Bottom-up structure inference needs capture at the decision surface, not the state

Type: kb/types/note.md · Status: seedling · Tags: agent-memory, context-engineering, learning-theory

Trace-derived schemas, ontologies, and memory all promise the same thing: instead of prescribing a world model upfront, infer the minimal set of entities and relations from what actually happened. But that inference is not free-floating over "traces" in general. It is gated by where in the workflow capture happens. Bottom-up structure inference is feasible only when what is captured is decision-shaped — the inputs referenced, the constraints in play, the exception path, the approval, the action taken, the outcome — rather than state-shaped: the row that changed, the final value, the resulting record. The reason is a locality property of intent: the "why" behind a change is maximally available at the moment of decision and decays toward unrecoverable in the state the decision produces.

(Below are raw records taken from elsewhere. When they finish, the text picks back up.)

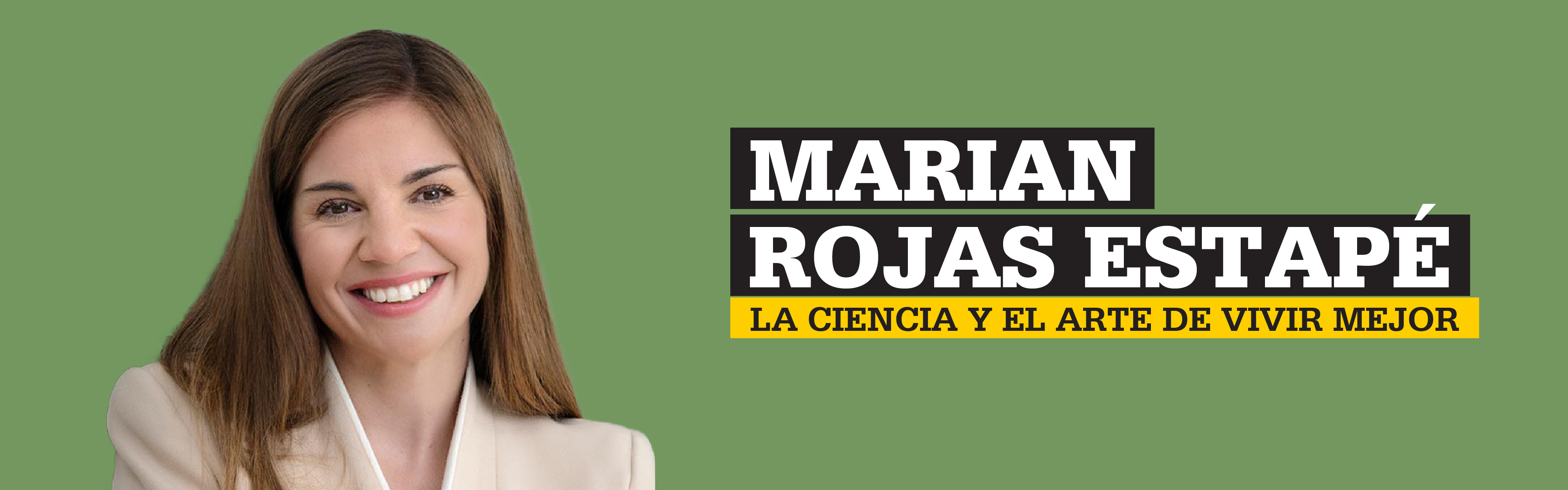 Edición Febrero 2025 - Marian Rojas Estapé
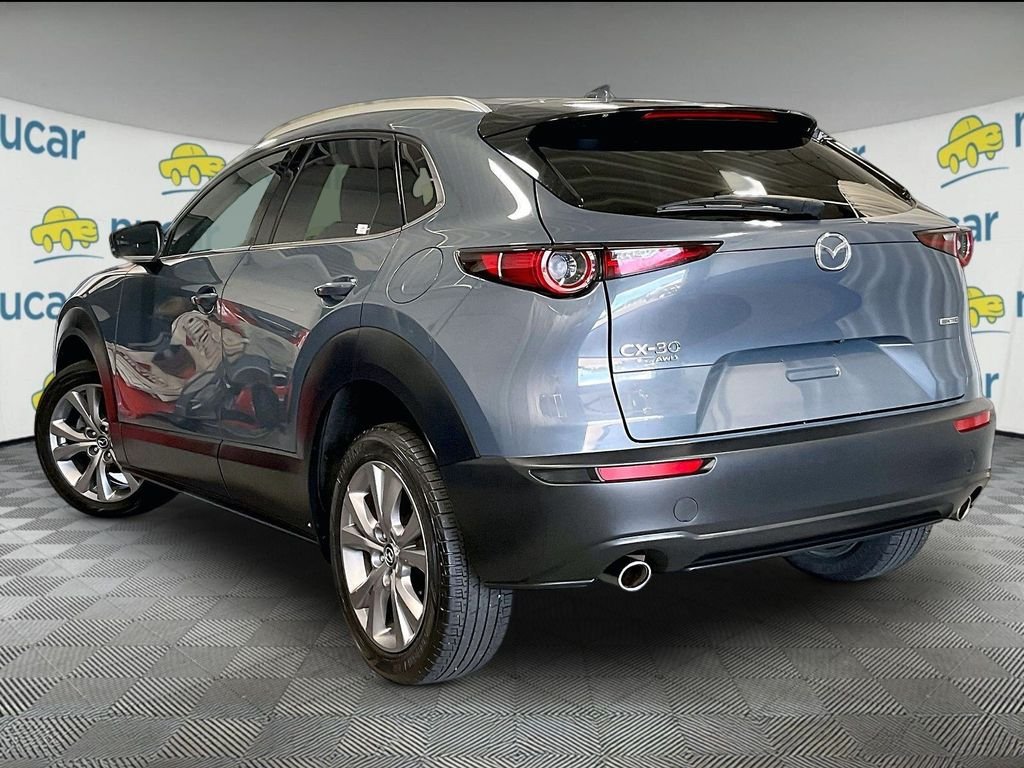 Used 2021 Gray Mazda Premium image 4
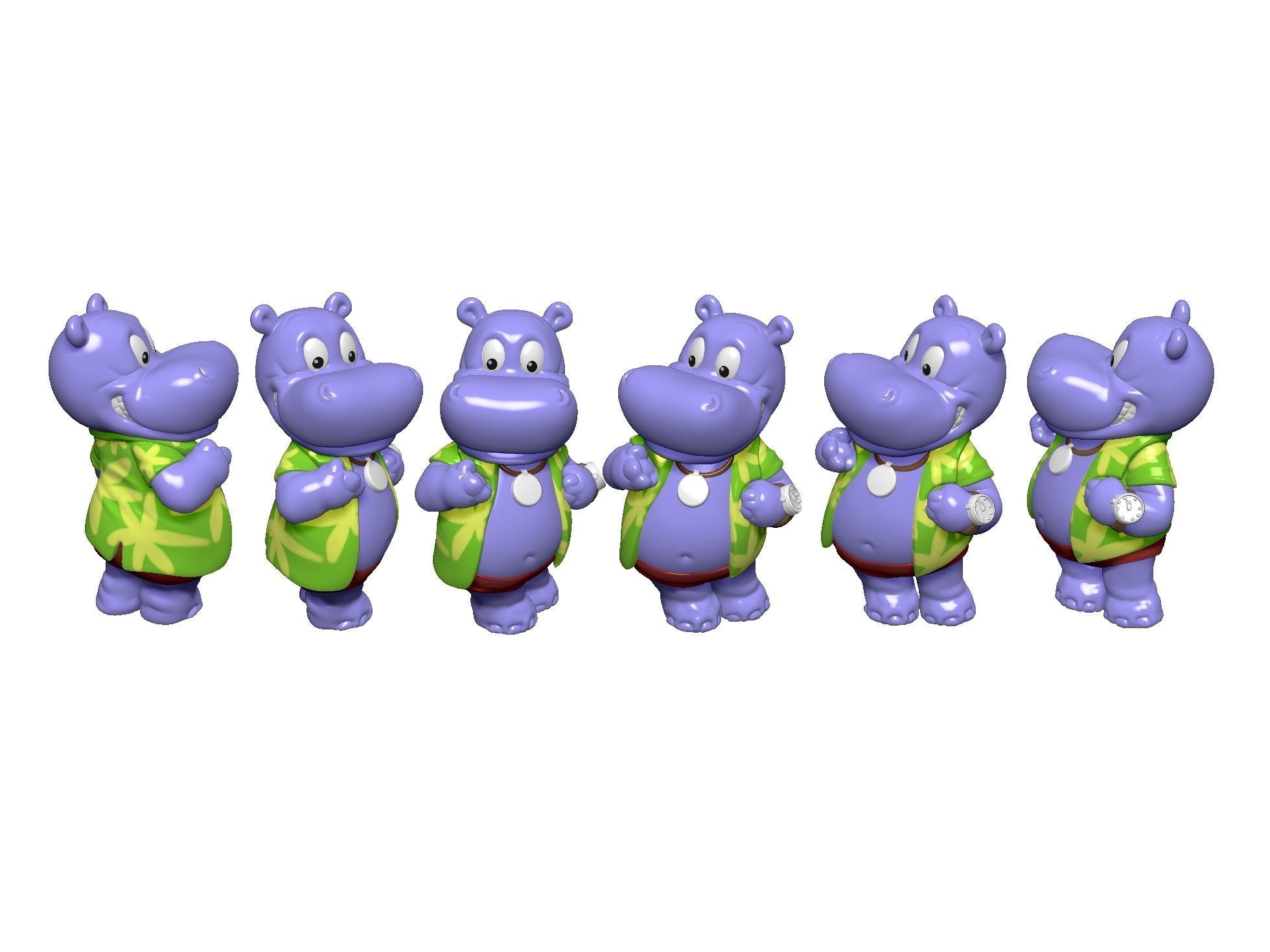 NICO NEUREICH FOR 3D PRINT STL 3D print model_10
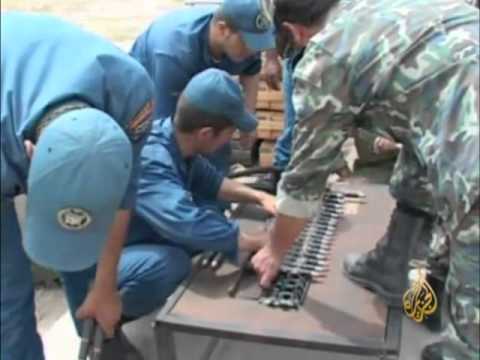 مناورات مدافعو الولاية الإيرانية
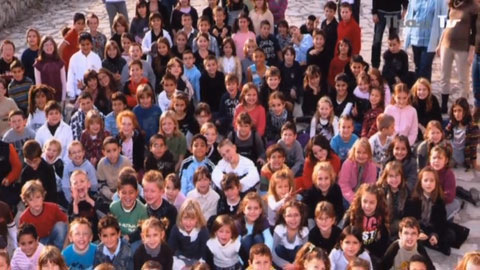 L'école Hélianthe de Mèze 1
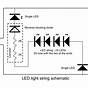 Led String Lights Wiring Diagram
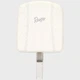 Ranger Boat Bow Seat Headrest 729787H.45 | Bay Series White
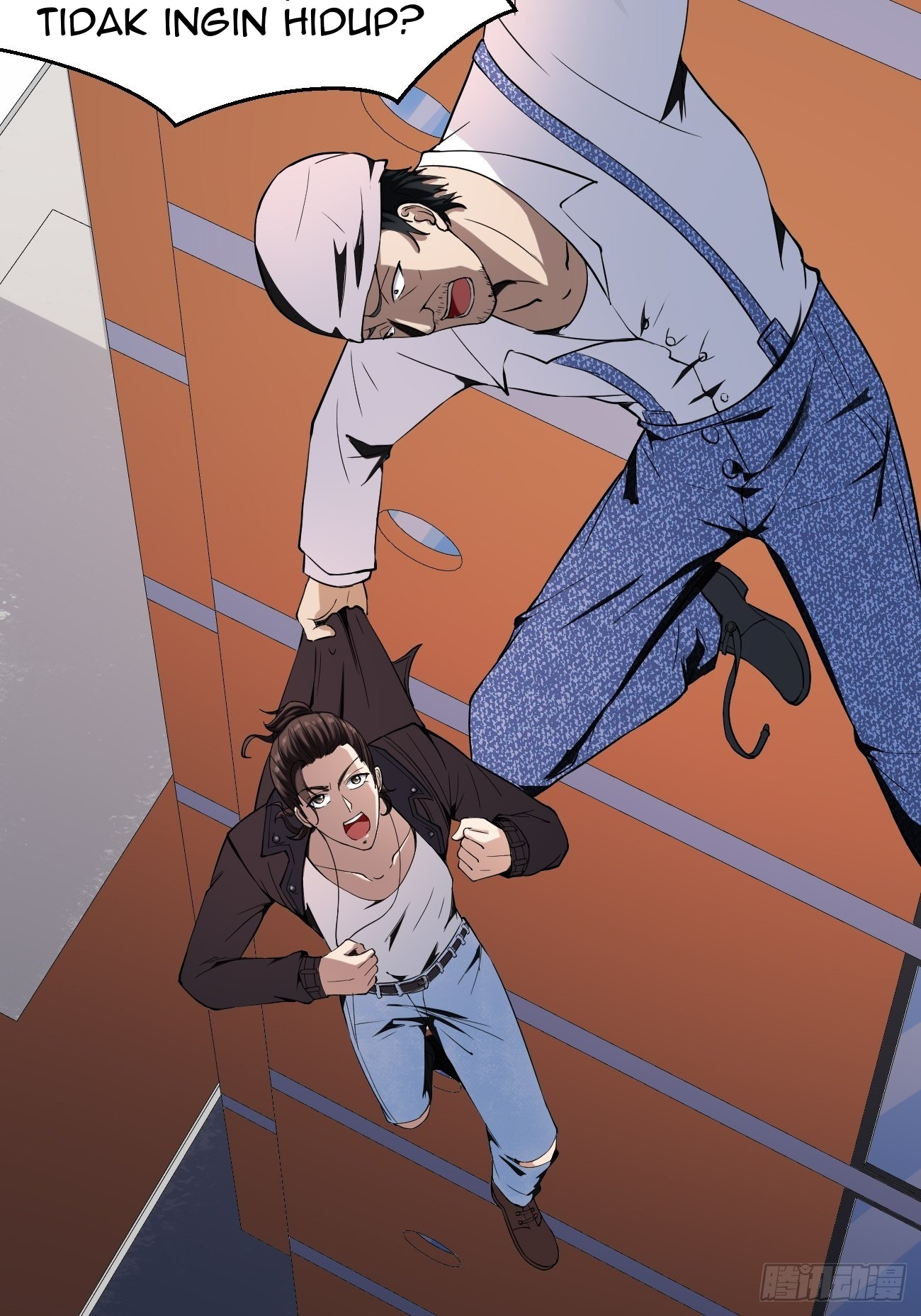 Villain Demon Son In Law Chapter 19 - halaman 27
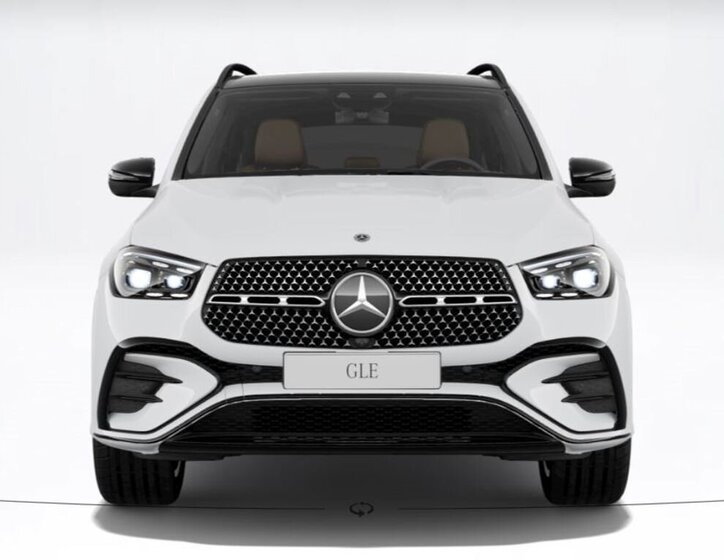 Mercedes-Benz GLE 2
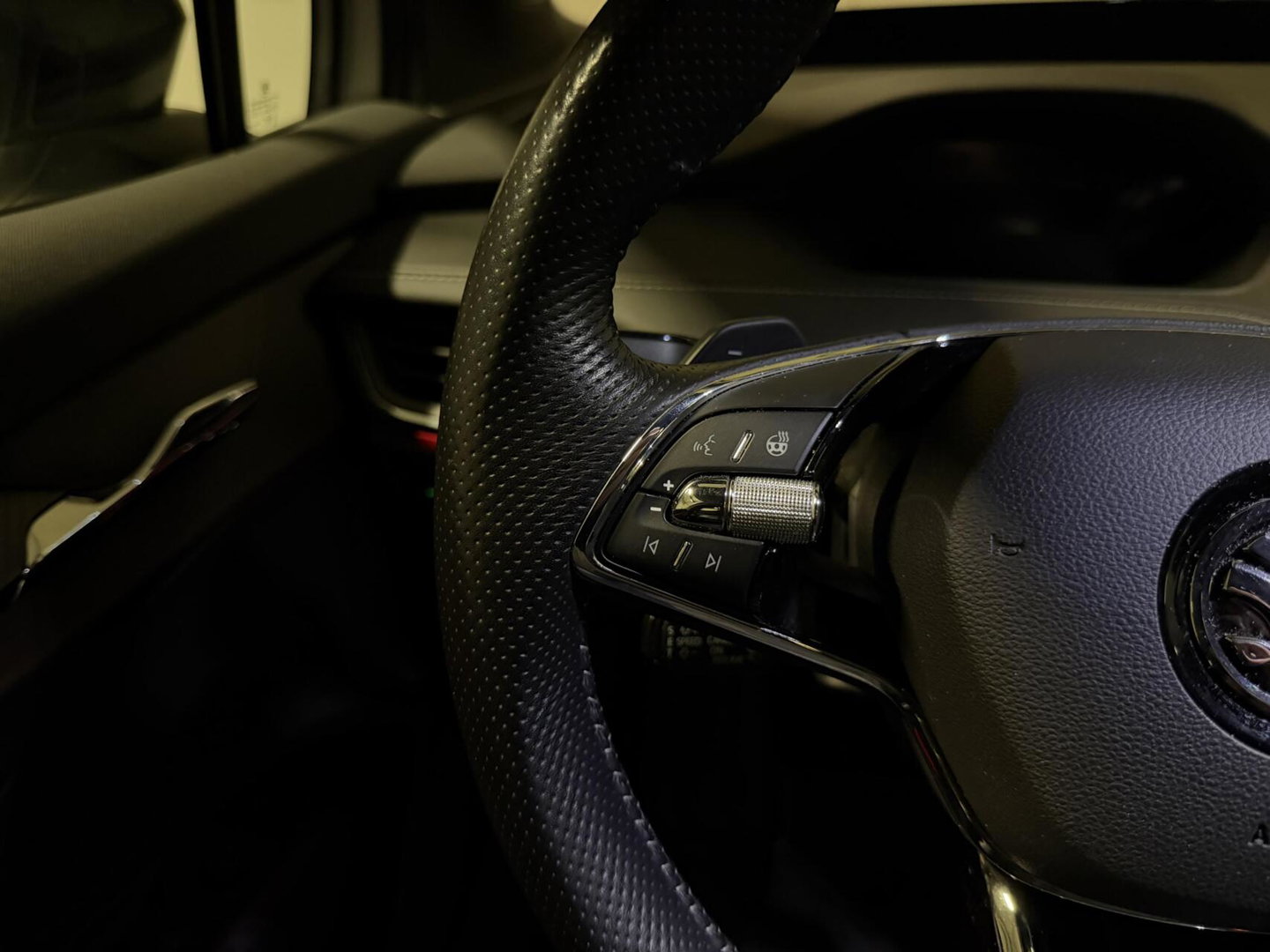 Škoda Enyaq iV 80 Sportline Warmtepomp Head-up Trekhaak NAP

The "why" is cheap at the decision surface and expensive-to-impossible from state

At the instant a decision is made, the deciding process is holding the material that explains it. Recording those "decision receipts" at that surface is nearly free, because the information is already in hand — to the extent the decider can articulate its why: an opaque decider (a gut call, a neural policy) holds less in articulable form, and its receipts are correspondingly thinner. The resulting state, by contrast, keeps only the endpoint. A changed field tells you that something is now true; it does not tell you why — which piece of that material actually decided it. Reconstructing that after the fact means re-deriving intent from residue — sometimes expensive, often impossible. This is the same gap raw accumulation does not create usable memory names as the ingress problem: you can have state, but not the legible "why," and retrieval cannot repair a "why" that capture never preserved.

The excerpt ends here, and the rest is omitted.